[Image-text web data]
###
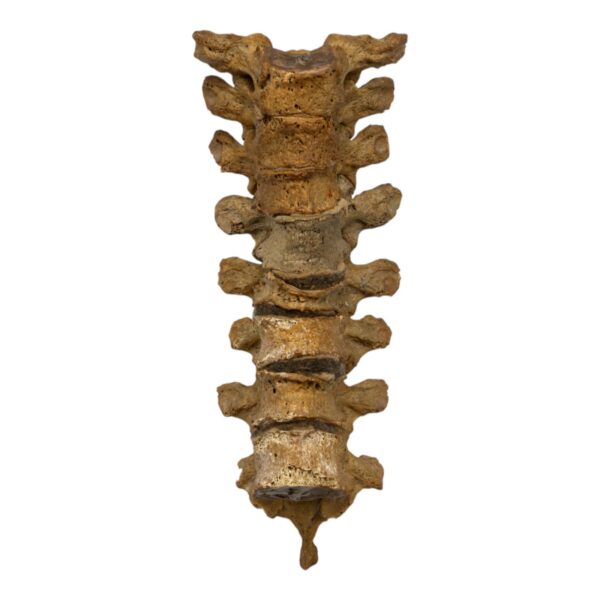 Real Human Thoracic Vertebrae – Set of 8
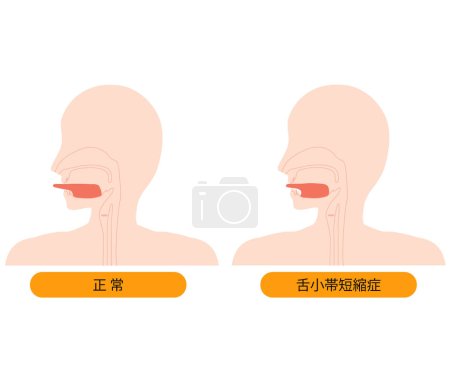 Ilustración de Ilustración de lengua y lengua normales que no se pueden extender debido al acortamiento velofaríngeo - Imagen libre de derechos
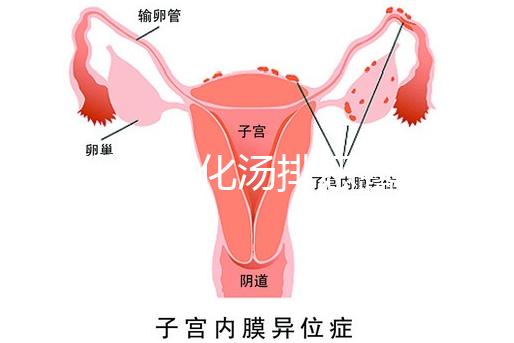 產后喝生化湯排惡露會使寶寶拉肚子？醫生：時間沒用對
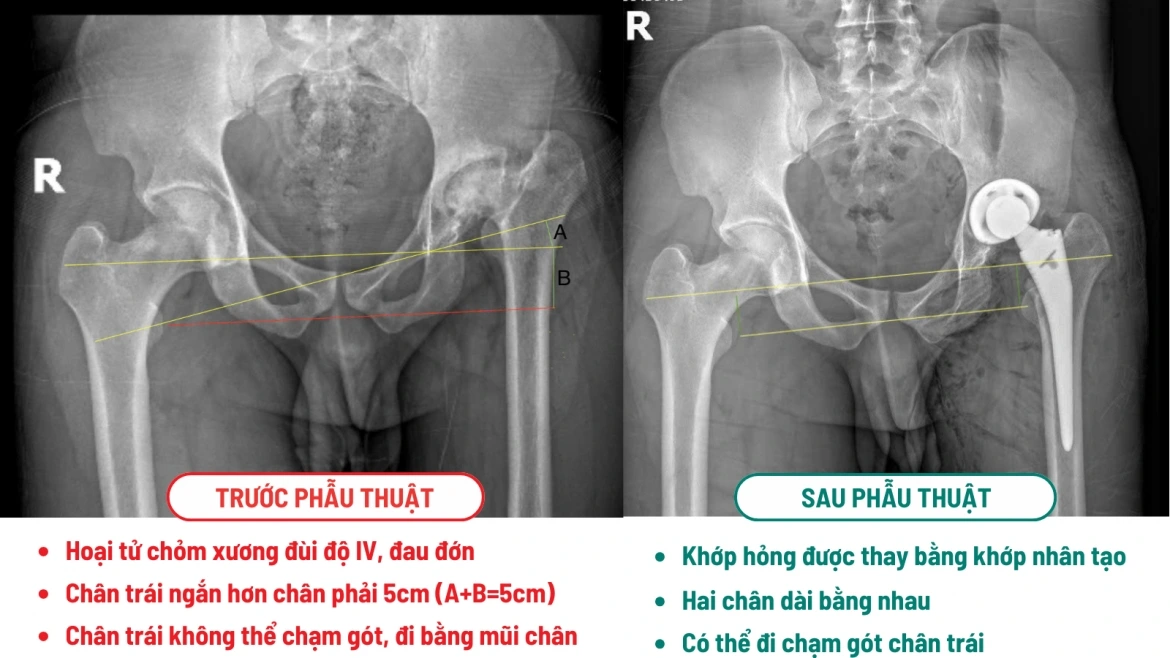 Chịu đau đớn suốt 10 năm, kỹ sư nước ngoài vượt 10.000km sang Việt Nam phẫu thuật: “Cảm giác như được tái sinh”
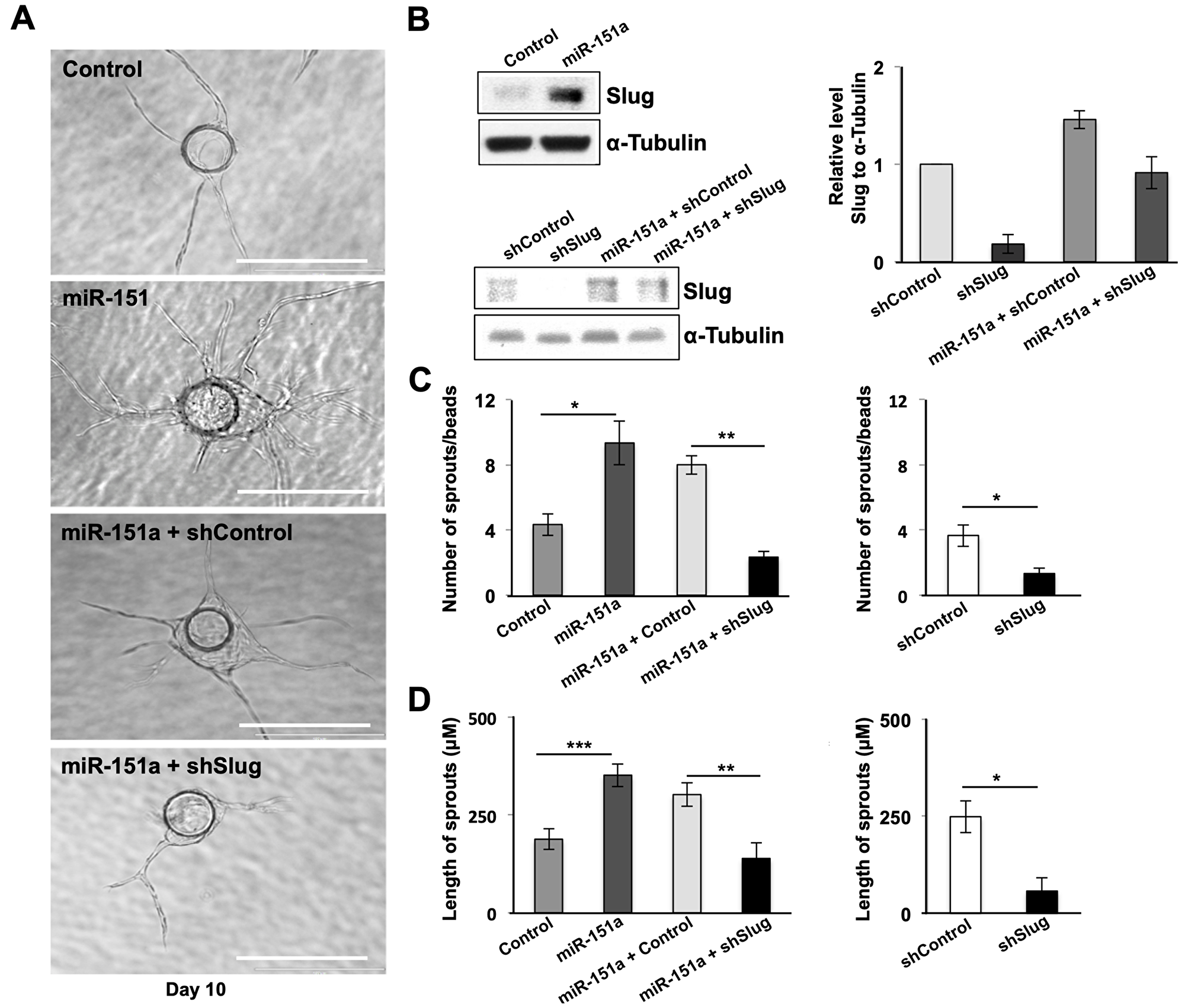 miR-151a enhanced EC angiogenesis is dependent on Slug induction.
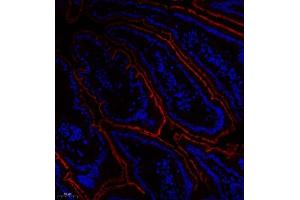 Immunofluorescence of paraffin embedded mouse duodenum using Treh (ABIN7076006) at dilution of 1:650 (200x lens)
###
• YOUR OBJECTIVE
Every record above must be given again exactly; drop the pictures.

• ANSWER TO THIS TASK
 Real Human Thoracic Vertebrae – Set of 8
 Ilustración de Ilustración de lengua y lengua normales que no se pueden extender debido al acortamiento velofaríngeo - Imagen libre de derechos
 產后喝生化湯排惡露會使寶寶拉肚子？醫生：時間沒用對
 Chịu đau đớn suốt 10 năm, kỹ sư nước ngoài vượt 10.000km sang Việt Nam phẫu thuật: “Cảm giác như được tái sinh”
 miR-151a enhanced EC angiogenesis is dependent on Slug induction.
 Immunofluorescence of paraffin embedded mouse duodenum using Treh (ABIN7076006) at dilution of 1:650 (200x lens)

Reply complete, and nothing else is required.